■ **ABOUT THIS EXERCISE**: Nothing beyond the line containing "Lynk & Co 03" should be printed; print each line exactly from the first line of the listing below through it.

■ **SUPPLIED MATERIAL**:
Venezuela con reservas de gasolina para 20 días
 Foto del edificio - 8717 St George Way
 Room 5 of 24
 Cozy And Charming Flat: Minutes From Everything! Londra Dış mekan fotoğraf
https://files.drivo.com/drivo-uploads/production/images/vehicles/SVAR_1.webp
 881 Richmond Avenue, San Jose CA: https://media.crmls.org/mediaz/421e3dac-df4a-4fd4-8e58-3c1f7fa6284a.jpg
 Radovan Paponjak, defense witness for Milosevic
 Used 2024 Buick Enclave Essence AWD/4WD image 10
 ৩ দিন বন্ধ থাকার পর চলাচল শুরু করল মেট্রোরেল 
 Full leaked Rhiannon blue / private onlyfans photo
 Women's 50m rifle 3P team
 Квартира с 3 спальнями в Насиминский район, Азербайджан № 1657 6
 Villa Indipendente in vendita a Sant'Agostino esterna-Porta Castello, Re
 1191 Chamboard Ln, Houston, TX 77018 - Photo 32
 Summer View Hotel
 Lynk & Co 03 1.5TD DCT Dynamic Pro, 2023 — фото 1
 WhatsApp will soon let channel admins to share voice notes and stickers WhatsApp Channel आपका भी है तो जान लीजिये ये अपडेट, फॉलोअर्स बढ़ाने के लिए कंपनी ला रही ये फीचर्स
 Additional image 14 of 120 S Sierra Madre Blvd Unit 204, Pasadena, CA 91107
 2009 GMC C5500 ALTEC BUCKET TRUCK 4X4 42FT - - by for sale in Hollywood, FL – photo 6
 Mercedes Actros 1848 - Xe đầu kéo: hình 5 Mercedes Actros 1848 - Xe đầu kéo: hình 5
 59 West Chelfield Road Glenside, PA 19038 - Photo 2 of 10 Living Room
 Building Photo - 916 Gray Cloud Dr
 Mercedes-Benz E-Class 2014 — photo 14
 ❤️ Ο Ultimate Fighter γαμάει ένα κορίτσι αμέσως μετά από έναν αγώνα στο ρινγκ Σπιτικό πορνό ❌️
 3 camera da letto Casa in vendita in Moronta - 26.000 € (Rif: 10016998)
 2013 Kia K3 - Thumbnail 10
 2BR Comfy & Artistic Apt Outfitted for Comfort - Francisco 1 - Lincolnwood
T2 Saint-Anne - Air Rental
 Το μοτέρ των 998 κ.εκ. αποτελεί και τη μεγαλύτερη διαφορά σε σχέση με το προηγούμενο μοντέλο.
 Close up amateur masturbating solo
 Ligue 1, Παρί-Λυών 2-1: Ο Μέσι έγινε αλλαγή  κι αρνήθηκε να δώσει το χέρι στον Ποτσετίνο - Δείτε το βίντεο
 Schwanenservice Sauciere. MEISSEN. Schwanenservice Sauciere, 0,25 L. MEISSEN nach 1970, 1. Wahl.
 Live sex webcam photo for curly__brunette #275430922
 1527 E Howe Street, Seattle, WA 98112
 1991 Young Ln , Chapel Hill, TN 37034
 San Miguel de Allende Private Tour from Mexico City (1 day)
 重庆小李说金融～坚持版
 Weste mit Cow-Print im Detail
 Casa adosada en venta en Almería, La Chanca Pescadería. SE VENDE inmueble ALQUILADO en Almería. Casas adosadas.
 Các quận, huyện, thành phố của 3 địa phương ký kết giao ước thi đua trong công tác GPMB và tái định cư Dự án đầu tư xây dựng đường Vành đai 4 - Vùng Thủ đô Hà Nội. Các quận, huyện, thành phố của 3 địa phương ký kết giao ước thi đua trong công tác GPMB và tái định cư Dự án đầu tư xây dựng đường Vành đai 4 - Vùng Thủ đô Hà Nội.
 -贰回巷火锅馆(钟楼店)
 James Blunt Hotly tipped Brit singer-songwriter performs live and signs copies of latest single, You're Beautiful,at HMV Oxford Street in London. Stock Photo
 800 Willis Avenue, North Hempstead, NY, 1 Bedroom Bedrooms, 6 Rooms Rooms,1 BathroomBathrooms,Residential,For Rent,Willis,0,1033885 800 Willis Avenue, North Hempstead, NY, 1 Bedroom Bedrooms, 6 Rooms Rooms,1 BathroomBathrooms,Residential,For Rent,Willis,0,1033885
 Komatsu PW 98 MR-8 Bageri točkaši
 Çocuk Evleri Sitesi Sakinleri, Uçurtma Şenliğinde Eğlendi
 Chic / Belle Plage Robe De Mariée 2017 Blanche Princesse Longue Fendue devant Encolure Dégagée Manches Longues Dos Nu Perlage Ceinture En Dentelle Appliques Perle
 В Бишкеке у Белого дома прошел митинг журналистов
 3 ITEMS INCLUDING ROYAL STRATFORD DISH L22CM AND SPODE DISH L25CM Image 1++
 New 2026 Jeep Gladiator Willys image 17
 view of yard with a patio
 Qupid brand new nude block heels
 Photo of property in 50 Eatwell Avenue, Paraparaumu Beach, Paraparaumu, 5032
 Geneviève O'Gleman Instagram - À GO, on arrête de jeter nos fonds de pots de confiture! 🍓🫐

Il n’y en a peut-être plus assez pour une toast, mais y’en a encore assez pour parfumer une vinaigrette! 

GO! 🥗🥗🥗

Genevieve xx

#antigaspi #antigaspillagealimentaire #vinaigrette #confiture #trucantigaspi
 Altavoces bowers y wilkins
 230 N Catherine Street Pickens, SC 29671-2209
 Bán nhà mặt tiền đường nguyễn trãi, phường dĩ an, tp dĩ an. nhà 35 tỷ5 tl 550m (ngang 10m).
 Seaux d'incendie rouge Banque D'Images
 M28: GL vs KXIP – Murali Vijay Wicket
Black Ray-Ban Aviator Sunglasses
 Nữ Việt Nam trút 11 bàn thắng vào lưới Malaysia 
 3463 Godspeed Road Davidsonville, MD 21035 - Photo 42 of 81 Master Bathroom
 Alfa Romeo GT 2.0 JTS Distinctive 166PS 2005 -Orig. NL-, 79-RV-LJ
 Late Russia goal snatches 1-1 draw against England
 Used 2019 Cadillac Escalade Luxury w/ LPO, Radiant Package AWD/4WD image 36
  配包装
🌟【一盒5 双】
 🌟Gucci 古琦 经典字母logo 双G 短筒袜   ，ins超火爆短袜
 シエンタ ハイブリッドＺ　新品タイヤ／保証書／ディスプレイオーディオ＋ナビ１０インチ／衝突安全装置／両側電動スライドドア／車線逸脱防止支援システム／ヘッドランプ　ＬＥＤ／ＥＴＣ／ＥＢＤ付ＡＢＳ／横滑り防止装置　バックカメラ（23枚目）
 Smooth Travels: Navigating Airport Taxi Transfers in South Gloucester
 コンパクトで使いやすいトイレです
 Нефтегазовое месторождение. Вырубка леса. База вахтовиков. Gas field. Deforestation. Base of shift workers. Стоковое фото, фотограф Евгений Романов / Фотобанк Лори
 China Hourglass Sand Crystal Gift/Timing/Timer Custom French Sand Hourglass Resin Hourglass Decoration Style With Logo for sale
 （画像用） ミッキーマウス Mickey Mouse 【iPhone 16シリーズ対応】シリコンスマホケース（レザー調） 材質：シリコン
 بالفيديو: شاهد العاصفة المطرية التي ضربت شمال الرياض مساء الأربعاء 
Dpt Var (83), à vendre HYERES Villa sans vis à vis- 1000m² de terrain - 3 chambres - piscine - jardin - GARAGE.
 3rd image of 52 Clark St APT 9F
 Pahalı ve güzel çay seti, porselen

■ **SOLUTION FOR THIS TASK**:
Venezuela con reservas de gasolina para 20 días
 Foto del edificio - 8717 St George Way
 Room 5 of 24
 Cozy And Charming Flat: Minutes From Everything! Londra Dış mekan fotoğraf
https://files.drivo.com/drivo-uploads/production/images/vehicles/SVAR_1.webp
 881 Richmond Avenue, San Jose CA: https://media.crmls.org/mediaz/421e3dac-df4a-4fd4-8e58-3c1f7fa6284a.jpg
 Radovan Paponjak, defense witness for Milosevic
 Used 2024 Buick Enclave Essence AWD/4WD image 10
 ৩ দিন বন্ধ থাকার পর চলাচল শুরু করল মেট্রোরেল 
 Full leaked Rhiannon blue / private onlyfans photo
 Women's 50m rifle 3P team
 Квартира с 3 спальнями в Насиминский район, Азербайджан № 1657 6
 Villa Indipendente in vendita a Sant'Agostino esterna-Porta Castello, Re
 1191 Chamboard Ln, Houston, TX 77018 - Photo 32
 Summer View Hotel
 Lynk & Co 03 1.5TD DCT Dynamic Pro, 2023 — фото 1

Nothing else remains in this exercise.